Decided October 29, 1984.
Frank J. Kelley, Attorney General, Louis J. Caruso, Solicitor General, Michael R. Smith, Prosecuting Attorney, and Jann Ryan Baugh, Assistant Attorney General, Department of Attorney General, Prosecuting Attorneys Appellate Service, for the people.
Robert W. Blackstock, for defendant on appeal.
Defendant was charged and arraigned in circuit court on two counts of forgery, MCL 750.248; MSA 28.445, and two counts of uttering and publishing, MCL 750.249; MSA 28.446, and was given notice of the prosecutor's intent to file a supplemental information charging him as an habitual offender. Pursuant to a plea bargain, defendant pled guilty to one of the uttering and publishing counts and to the charge of being a second offender in return for dismissal of the other three counts and the charge of being a fourth time habitual criminal. Defendant was then sentenced to 7 to 14 years for uttering and publishing and 12 to 21 years as an habitual criminal. He appeals as of right, claiming that the trial court abused its discretion in imposing a sentence that shocks the conscience.
At the sentencing hearing, defendant and defense counsel stated that they had reviewed the presentence report, and defense counsel allocuted on defendant's behalf. The trial judge reviewed defendant's prior criminal record, which indicated that defendant has been in constant difficulty with the law since he was 18 years of age, including an attempted breaking and entering, a probation violation, joyriding, two attempted larcenies, and an assault and battery. The court noted that defendant is now aged 23 and unemployed.
Uttering and publishing is punishable by up to 14 years' imprisonment.
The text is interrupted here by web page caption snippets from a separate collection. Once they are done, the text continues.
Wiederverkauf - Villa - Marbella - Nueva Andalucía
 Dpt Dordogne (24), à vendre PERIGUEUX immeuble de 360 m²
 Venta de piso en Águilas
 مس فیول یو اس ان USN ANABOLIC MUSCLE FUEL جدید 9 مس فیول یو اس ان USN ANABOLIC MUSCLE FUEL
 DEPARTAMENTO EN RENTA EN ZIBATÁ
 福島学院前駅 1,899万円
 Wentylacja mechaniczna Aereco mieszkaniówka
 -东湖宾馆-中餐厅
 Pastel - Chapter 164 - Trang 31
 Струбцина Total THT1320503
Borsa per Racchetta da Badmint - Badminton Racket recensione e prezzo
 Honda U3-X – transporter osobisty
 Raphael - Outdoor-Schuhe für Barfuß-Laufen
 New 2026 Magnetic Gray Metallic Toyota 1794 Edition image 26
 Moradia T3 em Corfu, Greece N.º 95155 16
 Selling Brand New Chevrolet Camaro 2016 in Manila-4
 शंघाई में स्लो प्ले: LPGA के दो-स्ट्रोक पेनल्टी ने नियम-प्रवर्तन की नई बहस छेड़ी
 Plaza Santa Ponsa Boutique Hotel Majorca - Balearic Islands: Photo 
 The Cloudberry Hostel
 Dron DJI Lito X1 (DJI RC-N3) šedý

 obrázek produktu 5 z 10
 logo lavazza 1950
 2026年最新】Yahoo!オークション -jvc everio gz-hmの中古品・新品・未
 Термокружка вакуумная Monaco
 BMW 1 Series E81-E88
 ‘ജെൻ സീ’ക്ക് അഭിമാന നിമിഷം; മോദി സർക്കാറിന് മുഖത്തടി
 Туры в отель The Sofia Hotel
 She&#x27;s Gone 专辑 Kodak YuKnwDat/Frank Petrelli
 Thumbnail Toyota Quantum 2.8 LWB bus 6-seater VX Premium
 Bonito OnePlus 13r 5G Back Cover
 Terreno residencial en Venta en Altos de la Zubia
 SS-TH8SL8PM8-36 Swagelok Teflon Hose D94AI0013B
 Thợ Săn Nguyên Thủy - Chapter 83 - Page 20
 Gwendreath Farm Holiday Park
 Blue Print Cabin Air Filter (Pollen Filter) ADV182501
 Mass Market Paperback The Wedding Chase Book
Under the circumstances, we cannot say that the sentence was cruel and unusual under either the United States or Michigan Constitution. After reading the presentence report, we cannot say the sentence shocks our conscience. People v Coles, 417 Mich. 523; 339 N.W.2d 440 (1983). If anything, the sentence prescribed by the statute for uttering and publishing seems harsh; however, that is a question for the Legislature, not us.
Affirmed.
I respectfully dissent.
The 12- to 21-year sentence imposed here for the defendant's commission of a nonviolent crime disturbs me. I cannot say unequivocally that it shocks my conscience, but I also do not know how sensitive, informed and rational my conscience is in comparing sentences imposed by trial courts to an "ideal penalty", whatever that is.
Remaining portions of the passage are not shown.